Anyway! Going into my reread of Jonathan Strange and Mr. Norrell, here is what I EXTREMELY VAGUELY remembered from that first pre-2007 read:
- Mr. Norrell is a stuffy, awkward little man who makes bad magical choices
- Jonathan Strange is less awkward but possibly makes equally bad magical choices
- something unfortunate and fairy-related happens to Arabella Strange, who does not deserve it
- Jonathan Strange fixes it but makes extremely unwise choices in the process
- Stephen Black, a former slave, spends the entire book using his top-notch buttling skills to be polite to a fairy who's ruining his life, which somehow saves the day and also critiques colonialism
- footnotes???
which is why here, now, I am surprised and discomfited to find myself with an EXTREMELY LARGE number of feelings and opinions on an EXTREMELY LARGE number of things, including all of the above but also including:
- the bit where John Segundus very politely refuses to give up magic even though he doesn't expect to ever be any good at it
- the bit where Wellington approves of the zombies for learning hell-language with such commendable speed
- (that one joke basically justified a great deal of the Napoleonic War bits for me)

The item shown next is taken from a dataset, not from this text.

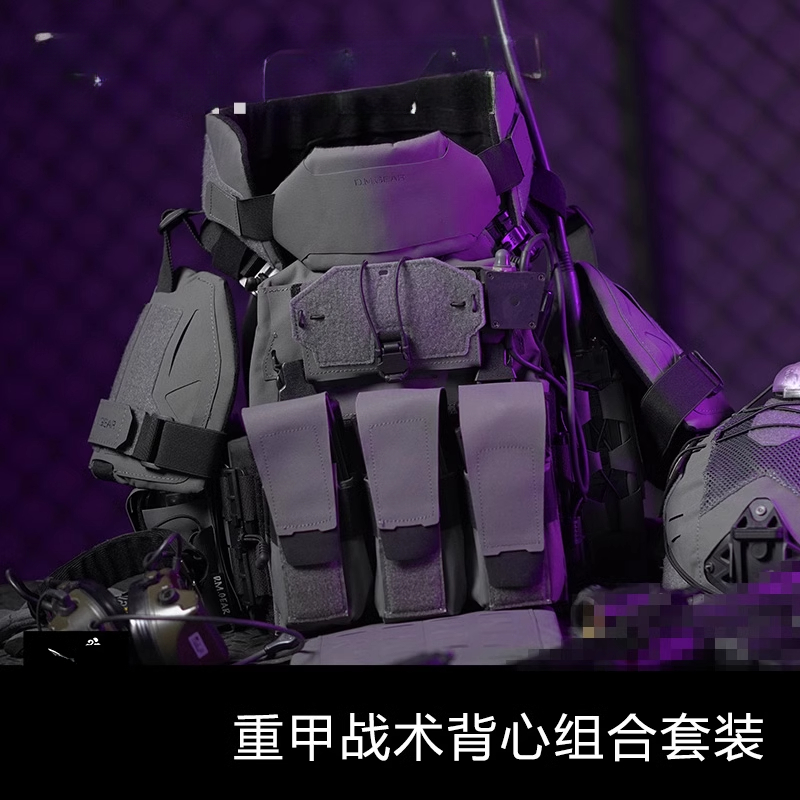 Heavy Armor Tactical Vest Comb - Heavy Equipment Armor recension och pris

- (that and the Goya zombie portrait)
- the bit where Jonathan Strange breaks up with Mr. Norrell and Mr. Norrell's sad dusty heart is broken
- (both Strange and Norrell pretty much deserve everything they get but Norrell actually makes me feel more things in general than Strange does, A Surprising Turn)
- the bit where Segundus does not get to teach magic
- the bit where Childermass promises to be contrary at whichever magician is left at the end of the day
- the brief portrait of Jonathan Strange's poor Jewish apprentice who is better than the other two and therefore treated mostly as an equal except for being expected to pick up after them and not getting called by his last name, you know
- the bit where LADY POLE ATTEMPTS MURDER
- (how the hell did I not remember Lady Pole)
- (what is wrong with me)
- the bit where Stephen Black stops Strange from absently ruining Arabella's handkerchief
- the bit where Stephen Black fails to interact with the beggar with the ship on his head
- the bit where Childermass fails at Raven King
- the bit where Stephen Black and Mrs. Brandy stare at each other in sad mutual incomprehension because of Stephen Black's fairy-induced depression
- POSSIBLY THE SADDEST SCENE IN THE BOOK
- I'M STILL VERY CONCERNED ABOUT MRS. BRANDY who imo deserved better than to disappear from the text after two very sweet and sad chapters
- footnotes! !! !!!!!!!*
Here, meanwhile, is an incomplete list of scenes which I note are not in the book and of which I feel the lack despite the fact that there are ALREADY 700 pages worth of things:
- Emma and Stephen interacting on the page at all, ever
- I mean I feel quite sure this is very deliberate, it's too careful not to be deliberate
- Emma's inner life is a very consistently and carefully constructed mystery
- but I regret it all the same
- also it would be nice to get more glimpses of Arabella actively pushing Strange to be a better human the way she does in his Inner Mind Theater at the very beginning of the book
- I do mostly believe that the book wants to see me flinch when politicians talk lightheartedly about sending Strange to support the East India Company with magic but I'm not sure that I know for sure that it does
- I'm actually not entirely sure how I feel about the reveal that all of the events of the book, as propelled as they are by the failings and dreams and affections of complicated individuals, were part of an enormously complex long game by the Raven King
- this is not actually a missing scene, now I'm just complaining
- anyway did I mention my concerns about Mrs. Brandy??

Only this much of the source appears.